It’s ironic that the images of flooding in the mid-west are accompanied by stories about government agencies pleading with people in those hard-hit areas to conserve water, because the floods have contaminated drinking water supplies. The recent salmonella poisoning of over 300 people in the US from tainted tomatoes can also be traced to polluted water used for irrigation (add to that the e-coli outbreaks from tainted irrigation water used on spinach and other row crops in the past 2 years).
OK, so I’m a broken drum, constantly beating everyone with "what’s good for the environment is good for the economy." But it’s a hard theme to ignore when the examples are so abundant - - and when we are in such desperate need of improvements in both these days.

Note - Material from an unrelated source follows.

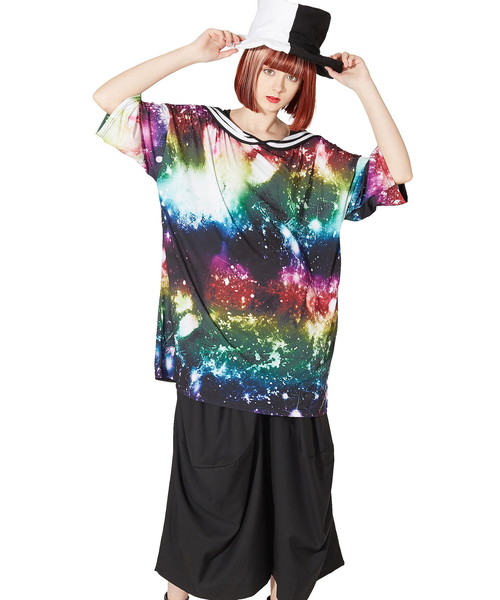 ankoROCK（アンコロック）の「ギャラクシーラインセーラーＴシャツ -メガビッグ-（Tシャツ/カットソー・レディース・A・ONE SIZE）」の4枚目の写真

Take a look at this article by James Flanagan about how clean water is a rapidly growing and profitable business. Most people think of clean water in terms of drinking and irrigation water supplies, but clean water is also necessary for many of the high-tech industrial processes that deliver hydrogen to fuel cells and process water for making solar panels, to name a few applications. Clean water will be a growth industry for some time to come, but shrewd cleantech investors are looking into it as a boom sector of the near term too.
Of course pollution prevention is an even better investment for both the environment and the economy, especially when it comes to water. I saw a demo last week of an amazing technology by a company called AbTech Industries where heavily polluted water was pumped into a stormwater treatment system and the clean water emerged from the other side - - 99% of the bacteria removed, along with the oils and sediments. Now that’s cleantech!
The poet said "water, water everywhere, but not a drop to drink…". Smart cleantech companies are changing that adage in a hurry, making both clear water and clear profits!